Domani venerdì 16 giugno alle 11 nella cappella Farnese di Palazzo d’Accursio il sindaco di Bologna Virginio Merola consegnerà la Turrita d’argento (il  riconoscimento che il Comune riserva alle personalità che si distinguono per l’eccellenza nelle arti, nella scienza e nella cultura) a Emanuela Palmerini, medico oncologo e ricercatrice di 42 anni.

Nella sua carriera, Palmerini ha svolto ricerche a New York, Stoccolma, Parigi, Genova, Madrid, Milano. Nel giugno 2016 a Chicago, durante il più importante appuntamento mondiale del settore, ha vinto il prestigioso premio “Conquer Cancer Foundation Merit Award” della Società americana di oncologia clinica (Asco) per la sua ricerca sul sarcoma di Ewing nella quale ha dimostrato l’efficacia di un nuovo trattamento chemioterapico su pazienti con malattia metastatica, una rara forma di tumore alle ossa che colpisce soprattutto i bambini.

Quel premio, spiega una nota del comune di Bologna, “ha sottolineato l’importanza che la ricerca si focalizzi sempre più sui tumori rari, spesso “dimenticati”, laddove risulta difficile reperire fondi quando manca l’interesse da parte delle case farmaceutiche”. Emanuela Palmerini è autrice di numerose pubblicazioni su riviste internazionali e il suo curriculum è pieno di attestazioni e ricerche. Attualmente coordina uno studio di “fase 3” sulla sinovite pigmentosa all’ospedale Rizzoli: una eccellenza nel campo medico-scientifico del nostro territorio che opera per sconfiggere i tumori.
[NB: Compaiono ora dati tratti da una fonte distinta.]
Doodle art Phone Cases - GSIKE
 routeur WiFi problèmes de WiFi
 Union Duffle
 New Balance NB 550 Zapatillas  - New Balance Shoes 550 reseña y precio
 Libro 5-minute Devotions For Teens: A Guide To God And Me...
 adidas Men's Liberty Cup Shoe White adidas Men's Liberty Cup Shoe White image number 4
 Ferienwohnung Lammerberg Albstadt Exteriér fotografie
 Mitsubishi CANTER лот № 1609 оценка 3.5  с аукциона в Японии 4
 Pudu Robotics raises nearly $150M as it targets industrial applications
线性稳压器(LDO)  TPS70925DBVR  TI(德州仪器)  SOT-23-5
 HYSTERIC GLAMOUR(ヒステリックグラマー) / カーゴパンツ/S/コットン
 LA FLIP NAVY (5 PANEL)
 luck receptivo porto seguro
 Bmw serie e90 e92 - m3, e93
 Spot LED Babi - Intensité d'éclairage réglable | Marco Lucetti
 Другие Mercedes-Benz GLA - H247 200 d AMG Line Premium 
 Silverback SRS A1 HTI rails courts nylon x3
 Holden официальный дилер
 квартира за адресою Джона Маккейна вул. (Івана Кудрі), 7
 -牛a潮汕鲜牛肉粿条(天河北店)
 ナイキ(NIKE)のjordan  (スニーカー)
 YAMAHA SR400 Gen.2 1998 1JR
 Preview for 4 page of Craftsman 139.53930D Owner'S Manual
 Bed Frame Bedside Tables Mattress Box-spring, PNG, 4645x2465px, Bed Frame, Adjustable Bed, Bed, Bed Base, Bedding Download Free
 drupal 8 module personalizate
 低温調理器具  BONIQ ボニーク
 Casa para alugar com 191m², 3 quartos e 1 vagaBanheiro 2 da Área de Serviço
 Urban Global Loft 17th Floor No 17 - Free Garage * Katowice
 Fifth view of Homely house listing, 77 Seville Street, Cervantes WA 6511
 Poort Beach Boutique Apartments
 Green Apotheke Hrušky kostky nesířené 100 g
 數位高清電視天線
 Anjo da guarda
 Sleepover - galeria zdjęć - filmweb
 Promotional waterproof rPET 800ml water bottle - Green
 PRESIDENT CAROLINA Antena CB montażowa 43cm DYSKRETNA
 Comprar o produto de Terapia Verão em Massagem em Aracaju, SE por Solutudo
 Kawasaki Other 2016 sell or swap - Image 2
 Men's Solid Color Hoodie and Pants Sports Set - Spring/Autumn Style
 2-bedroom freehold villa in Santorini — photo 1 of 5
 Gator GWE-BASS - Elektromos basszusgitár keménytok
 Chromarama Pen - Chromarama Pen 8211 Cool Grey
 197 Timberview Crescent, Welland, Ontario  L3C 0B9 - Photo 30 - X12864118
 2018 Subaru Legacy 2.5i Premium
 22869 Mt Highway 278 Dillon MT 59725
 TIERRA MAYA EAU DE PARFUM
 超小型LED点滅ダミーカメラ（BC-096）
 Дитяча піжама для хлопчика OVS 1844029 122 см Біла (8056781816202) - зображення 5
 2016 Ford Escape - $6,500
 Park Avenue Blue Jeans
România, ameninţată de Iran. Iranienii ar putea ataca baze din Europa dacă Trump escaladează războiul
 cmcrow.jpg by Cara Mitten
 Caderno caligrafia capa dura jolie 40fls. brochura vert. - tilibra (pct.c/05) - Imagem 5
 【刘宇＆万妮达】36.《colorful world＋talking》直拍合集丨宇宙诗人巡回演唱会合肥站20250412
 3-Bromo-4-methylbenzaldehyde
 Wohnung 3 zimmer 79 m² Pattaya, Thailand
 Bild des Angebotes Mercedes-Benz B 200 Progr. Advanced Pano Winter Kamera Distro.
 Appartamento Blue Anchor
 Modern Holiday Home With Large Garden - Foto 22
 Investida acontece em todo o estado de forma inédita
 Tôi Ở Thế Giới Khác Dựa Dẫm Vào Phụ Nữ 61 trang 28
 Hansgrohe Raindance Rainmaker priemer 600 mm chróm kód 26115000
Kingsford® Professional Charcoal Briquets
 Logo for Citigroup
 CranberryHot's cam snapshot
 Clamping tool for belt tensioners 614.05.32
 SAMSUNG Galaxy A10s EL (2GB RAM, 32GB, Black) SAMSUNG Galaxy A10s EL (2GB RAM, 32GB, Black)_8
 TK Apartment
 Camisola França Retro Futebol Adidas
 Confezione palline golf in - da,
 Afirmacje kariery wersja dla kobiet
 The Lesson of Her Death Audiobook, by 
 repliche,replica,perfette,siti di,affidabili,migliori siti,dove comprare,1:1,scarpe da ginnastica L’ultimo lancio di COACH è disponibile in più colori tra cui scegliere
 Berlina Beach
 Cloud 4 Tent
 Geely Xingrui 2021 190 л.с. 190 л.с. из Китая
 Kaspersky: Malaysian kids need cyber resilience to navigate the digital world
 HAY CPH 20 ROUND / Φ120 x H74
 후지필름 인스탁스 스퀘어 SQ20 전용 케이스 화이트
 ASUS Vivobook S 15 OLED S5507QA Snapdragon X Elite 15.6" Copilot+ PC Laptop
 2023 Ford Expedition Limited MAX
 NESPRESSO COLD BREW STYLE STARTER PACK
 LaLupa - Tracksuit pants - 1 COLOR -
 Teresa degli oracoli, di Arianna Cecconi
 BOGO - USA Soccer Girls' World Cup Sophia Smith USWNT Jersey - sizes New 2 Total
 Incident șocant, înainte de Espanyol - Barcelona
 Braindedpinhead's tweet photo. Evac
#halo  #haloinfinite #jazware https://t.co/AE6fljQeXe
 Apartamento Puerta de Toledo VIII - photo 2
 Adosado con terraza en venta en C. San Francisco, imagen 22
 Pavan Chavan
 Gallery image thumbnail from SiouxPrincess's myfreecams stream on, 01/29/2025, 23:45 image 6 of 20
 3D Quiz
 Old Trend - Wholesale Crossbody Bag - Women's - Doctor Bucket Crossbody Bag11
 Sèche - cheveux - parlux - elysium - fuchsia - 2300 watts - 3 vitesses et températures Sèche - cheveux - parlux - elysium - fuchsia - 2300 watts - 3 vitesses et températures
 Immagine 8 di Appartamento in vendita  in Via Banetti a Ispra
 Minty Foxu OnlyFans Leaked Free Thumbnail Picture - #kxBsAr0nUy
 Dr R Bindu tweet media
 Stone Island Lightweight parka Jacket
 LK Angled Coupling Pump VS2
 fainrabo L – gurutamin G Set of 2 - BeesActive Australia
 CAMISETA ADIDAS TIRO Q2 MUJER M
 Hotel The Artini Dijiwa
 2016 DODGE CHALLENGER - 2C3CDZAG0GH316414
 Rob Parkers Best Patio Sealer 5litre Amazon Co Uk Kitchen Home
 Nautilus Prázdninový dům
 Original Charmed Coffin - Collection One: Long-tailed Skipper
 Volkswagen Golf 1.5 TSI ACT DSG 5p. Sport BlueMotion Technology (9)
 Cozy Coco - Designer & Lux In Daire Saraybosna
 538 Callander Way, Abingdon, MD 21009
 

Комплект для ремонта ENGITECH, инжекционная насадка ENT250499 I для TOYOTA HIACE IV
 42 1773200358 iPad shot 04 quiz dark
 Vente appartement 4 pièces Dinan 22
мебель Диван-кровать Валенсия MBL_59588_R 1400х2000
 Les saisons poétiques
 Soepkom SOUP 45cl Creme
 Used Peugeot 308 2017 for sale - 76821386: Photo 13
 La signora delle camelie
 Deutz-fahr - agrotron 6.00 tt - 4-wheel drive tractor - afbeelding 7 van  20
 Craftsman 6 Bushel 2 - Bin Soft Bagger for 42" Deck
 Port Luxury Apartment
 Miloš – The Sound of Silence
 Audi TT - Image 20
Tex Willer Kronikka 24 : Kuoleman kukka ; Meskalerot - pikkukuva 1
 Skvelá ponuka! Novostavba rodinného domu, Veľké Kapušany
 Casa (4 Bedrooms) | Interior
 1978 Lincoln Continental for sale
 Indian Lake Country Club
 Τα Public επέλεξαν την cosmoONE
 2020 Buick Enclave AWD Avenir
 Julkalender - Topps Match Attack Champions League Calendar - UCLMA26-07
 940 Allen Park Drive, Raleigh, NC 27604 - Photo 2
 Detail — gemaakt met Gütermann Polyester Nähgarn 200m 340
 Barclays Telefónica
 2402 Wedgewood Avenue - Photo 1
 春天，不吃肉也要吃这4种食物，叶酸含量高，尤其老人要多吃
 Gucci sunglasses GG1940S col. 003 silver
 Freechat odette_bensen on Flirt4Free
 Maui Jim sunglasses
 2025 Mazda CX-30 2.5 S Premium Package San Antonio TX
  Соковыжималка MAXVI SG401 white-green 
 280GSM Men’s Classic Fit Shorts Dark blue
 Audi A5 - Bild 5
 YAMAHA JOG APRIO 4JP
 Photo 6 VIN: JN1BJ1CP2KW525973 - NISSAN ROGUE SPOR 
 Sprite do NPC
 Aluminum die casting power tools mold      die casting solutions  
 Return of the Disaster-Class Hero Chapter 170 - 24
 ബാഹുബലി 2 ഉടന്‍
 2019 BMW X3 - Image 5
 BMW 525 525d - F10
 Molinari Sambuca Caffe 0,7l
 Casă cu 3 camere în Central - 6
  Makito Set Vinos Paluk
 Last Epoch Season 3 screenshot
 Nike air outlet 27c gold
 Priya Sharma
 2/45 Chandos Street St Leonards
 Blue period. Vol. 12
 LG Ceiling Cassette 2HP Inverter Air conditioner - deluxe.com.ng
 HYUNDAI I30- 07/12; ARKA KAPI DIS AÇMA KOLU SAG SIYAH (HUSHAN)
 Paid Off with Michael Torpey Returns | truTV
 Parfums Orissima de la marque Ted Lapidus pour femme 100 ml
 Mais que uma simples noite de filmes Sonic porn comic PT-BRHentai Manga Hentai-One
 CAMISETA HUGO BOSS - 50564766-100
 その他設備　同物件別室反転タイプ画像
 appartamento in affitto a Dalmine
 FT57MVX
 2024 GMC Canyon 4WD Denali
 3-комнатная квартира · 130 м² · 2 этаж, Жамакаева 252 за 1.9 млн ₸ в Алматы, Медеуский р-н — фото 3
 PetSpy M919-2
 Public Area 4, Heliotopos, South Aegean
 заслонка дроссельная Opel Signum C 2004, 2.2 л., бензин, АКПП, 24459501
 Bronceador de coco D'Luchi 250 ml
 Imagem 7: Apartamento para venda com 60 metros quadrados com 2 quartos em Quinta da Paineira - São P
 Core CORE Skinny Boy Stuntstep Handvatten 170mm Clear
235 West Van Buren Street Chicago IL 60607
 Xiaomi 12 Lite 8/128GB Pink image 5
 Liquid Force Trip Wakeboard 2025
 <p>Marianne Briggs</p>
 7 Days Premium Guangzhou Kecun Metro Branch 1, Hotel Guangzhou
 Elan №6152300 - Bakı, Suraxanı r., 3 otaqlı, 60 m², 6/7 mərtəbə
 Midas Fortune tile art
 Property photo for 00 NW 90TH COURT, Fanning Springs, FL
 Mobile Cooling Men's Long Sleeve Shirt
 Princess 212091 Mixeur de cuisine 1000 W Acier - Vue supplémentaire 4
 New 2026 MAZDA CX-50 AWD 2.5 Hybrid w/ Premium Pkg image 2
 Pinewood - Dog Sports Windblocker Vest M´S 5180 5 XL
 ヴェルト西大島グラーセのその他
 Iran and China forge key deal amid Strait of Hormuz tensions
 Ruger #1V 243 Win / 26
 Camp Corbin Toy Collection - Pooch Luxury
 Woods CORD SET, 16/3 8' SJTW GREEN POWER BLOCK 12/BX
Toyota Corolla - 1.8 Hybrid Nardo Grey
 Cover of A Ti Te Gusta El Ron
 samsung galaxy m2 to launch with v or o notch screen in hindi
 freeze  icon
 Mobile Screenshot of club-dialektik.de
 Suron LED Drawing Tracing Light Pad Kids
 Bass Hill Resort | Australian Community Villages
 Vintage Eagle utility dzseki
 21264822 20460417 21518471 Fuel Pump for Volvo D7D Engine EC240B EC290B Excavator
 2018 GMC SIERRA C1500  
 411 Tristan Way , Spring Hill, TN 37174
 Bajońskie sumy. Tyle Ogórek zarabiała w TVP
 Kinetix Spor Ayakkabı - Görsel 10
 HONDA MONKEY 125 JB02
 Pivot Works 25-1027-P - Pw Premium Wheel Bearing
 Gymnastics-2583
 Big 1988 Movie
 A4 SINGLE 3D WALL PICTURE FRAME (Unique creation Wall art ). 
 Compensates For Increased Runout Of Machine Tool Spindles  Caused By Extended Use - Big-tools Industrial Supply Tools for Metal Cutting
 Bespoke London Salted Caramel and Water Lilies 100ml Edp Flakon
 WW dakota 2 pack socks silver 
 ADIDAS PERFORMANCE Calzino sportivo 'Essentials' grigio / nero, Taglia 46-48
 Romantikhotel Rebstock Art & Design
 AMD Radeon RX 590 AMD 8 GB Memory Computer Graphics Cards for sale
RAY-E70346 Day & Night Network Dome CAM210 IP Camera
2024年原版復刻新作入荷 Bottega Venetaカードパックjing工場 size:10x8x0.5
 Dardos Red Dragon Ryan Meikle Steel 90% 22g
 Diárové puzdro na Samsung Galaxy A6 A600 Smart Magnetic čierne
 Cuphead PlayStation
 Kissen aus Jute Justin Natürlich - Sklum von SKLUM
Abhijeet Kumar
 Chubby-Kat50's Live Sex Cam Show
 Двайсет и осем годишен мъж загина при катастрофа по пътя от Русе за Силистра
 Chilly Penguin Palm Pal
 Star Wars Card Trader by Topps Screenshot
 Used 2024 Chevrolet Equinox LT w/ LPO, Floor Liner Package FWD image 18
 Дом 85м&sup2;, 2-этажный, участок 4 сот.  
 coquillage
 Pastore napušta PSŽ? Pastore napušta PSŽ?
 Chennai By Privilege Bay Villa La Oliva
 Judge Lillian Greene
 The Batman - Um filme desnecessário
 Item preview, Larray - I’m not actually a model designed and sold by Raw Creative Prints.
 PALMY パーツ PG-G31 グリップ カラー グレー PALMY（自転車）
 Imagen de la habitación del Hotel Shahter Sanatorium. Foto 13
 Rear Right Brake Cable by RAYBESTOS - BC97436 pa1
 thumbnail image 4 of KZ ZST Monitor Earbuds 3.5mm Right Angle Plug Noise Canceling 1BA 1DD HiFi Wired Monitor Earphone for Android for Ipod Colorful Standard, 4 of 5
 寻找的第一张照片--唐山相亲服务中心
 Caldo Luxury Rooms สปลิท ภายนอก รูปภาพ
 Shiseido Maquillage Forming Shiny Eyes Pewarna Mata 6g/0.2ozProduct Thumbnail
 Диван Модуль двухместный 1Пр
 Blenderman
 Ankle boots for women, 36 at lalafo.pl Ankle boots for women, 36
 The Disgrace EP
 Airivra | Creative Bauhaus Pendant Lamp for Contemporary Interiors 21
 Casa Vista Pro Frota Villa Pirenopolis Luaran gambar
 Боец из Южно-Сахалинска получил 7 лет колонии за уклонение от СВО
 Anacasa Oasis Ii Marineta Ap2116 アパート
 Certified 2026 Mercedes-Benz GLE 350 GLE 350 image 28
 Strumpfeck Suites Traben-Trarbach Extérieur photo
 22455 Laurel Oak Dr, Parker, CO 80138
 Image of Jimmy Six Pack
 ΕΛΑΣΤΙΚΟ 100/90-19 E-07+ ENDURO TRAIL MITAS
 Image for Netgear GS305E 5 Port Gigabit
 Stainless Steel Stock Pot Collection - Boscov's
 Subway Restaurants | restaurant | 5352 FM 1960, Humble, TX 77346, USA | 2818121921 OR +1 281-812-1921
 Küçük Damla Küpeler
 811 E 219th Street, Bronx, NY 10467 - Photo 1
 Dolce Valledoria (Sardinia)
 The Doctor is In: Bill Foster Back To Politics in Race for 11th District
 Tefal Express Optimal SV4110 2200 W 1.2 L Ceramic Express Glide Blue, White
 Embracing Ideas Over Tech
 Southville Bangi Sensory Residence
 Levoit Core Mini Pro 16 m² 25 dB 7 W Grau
A inizio anno è finita nella lista delle ‘50 persone da tenere d’occhio’ nel 2017 redatta dalla rivista on line Wired. Tanto per dare un’idea, lei è la numero 48, il presidente statunitense Donald Trump il 40 e quello russo Vladimir Putin il 49. Al Resto del Carlino aveva dichiarato i suoi obeittivi per quest’anno: “Sto lavorando a due protocolli di immunoterapia – aveva detto Palmerini -, uno con il Geis, gruppo spagnolo attivo sui sarcomi, e un altro in collaborazione con l’università di Oslo: cercheremo di individuare i fattori di risposta al trattamento per indirizzare i pazienti verso le terapie più adatte per ogni persona. Sono approcci sperimentali”.